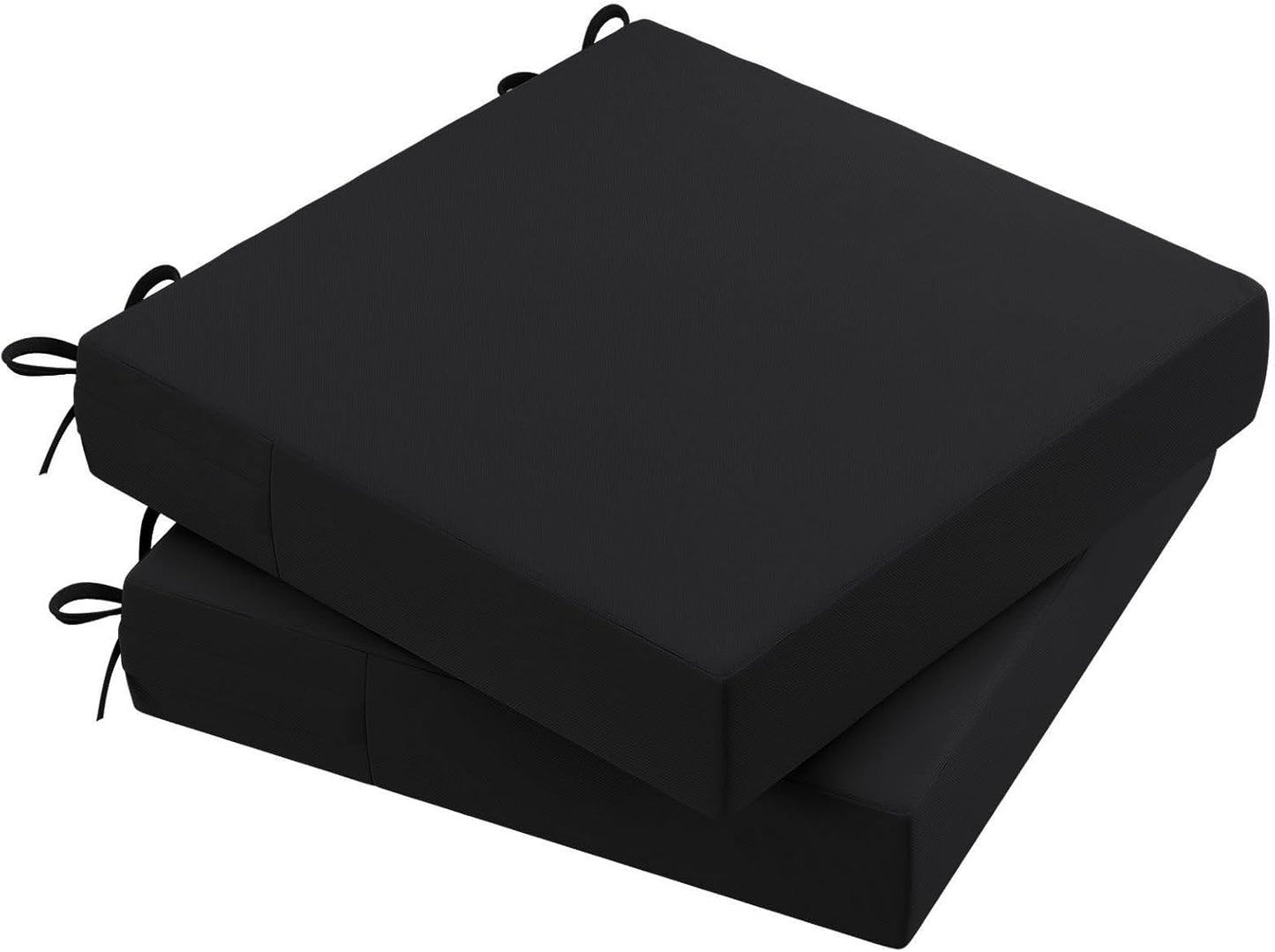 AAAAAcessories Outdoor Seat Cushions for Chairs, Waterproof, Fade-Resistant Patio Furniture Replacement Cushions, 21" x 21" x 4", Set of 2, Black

...

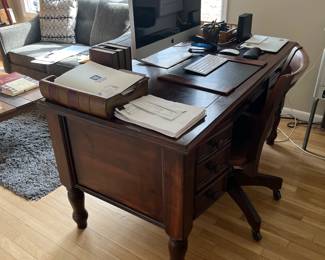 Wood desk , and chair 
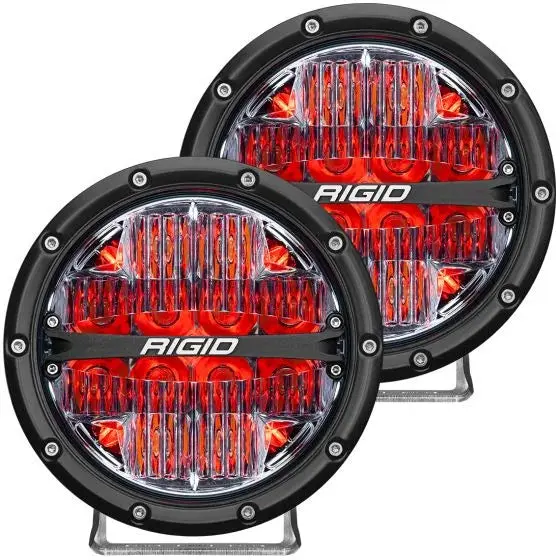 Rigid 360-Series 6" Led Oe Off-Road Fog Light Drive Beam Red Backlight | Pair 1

---

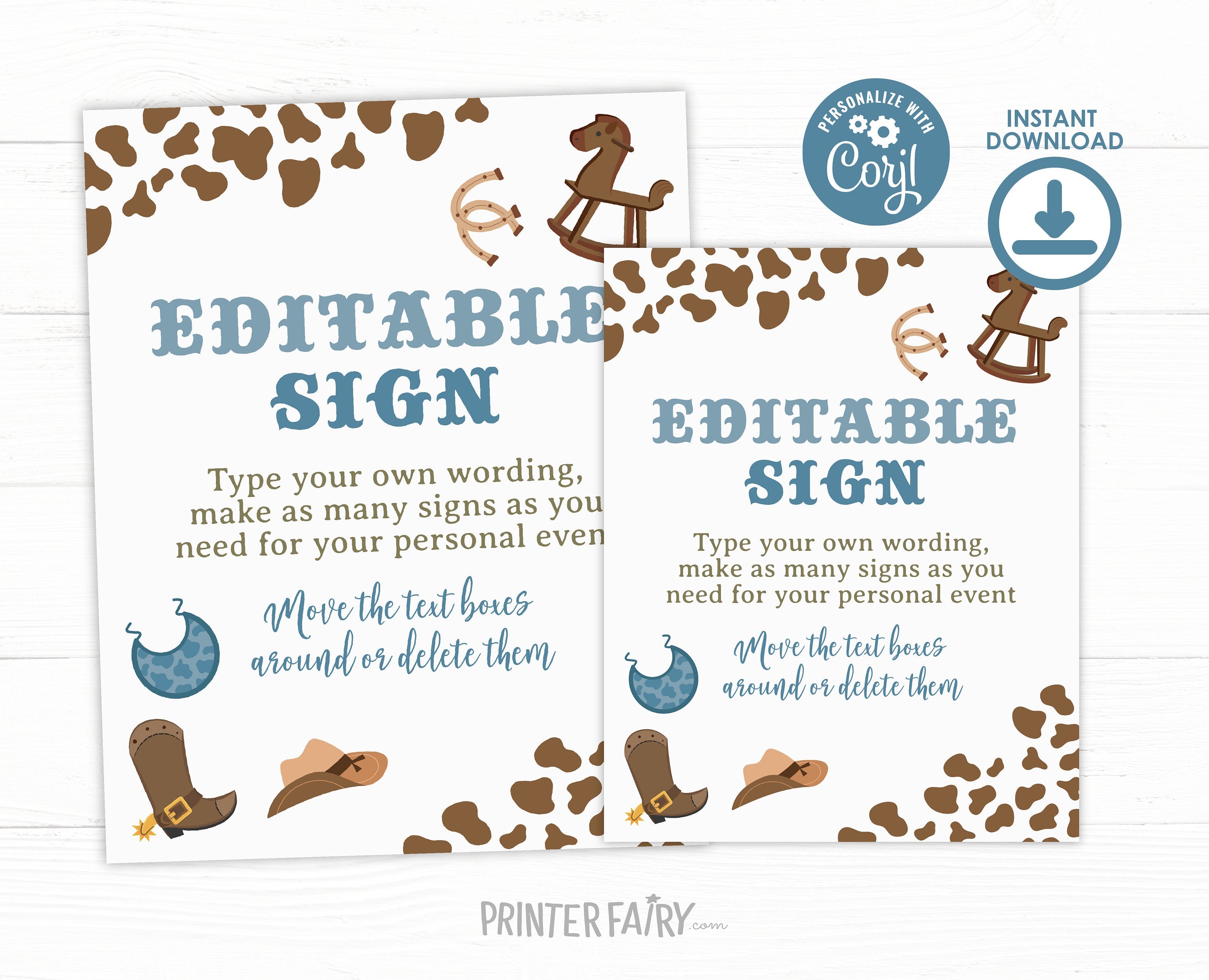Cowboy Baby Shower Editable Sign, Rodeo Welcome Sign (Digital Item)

### Your assignment
Copy needed, without pictures: the lines of the listing above from the line containing "Wood desk , and chair" up to and including the line containing "Backlight | Pair 1", set down exactly.

### Task answer
 Wood desk , and chair 
 Rigid 360-Series 6" Led Oe Off-Road Fog Light Drive Beam Red Backlight | Pair 1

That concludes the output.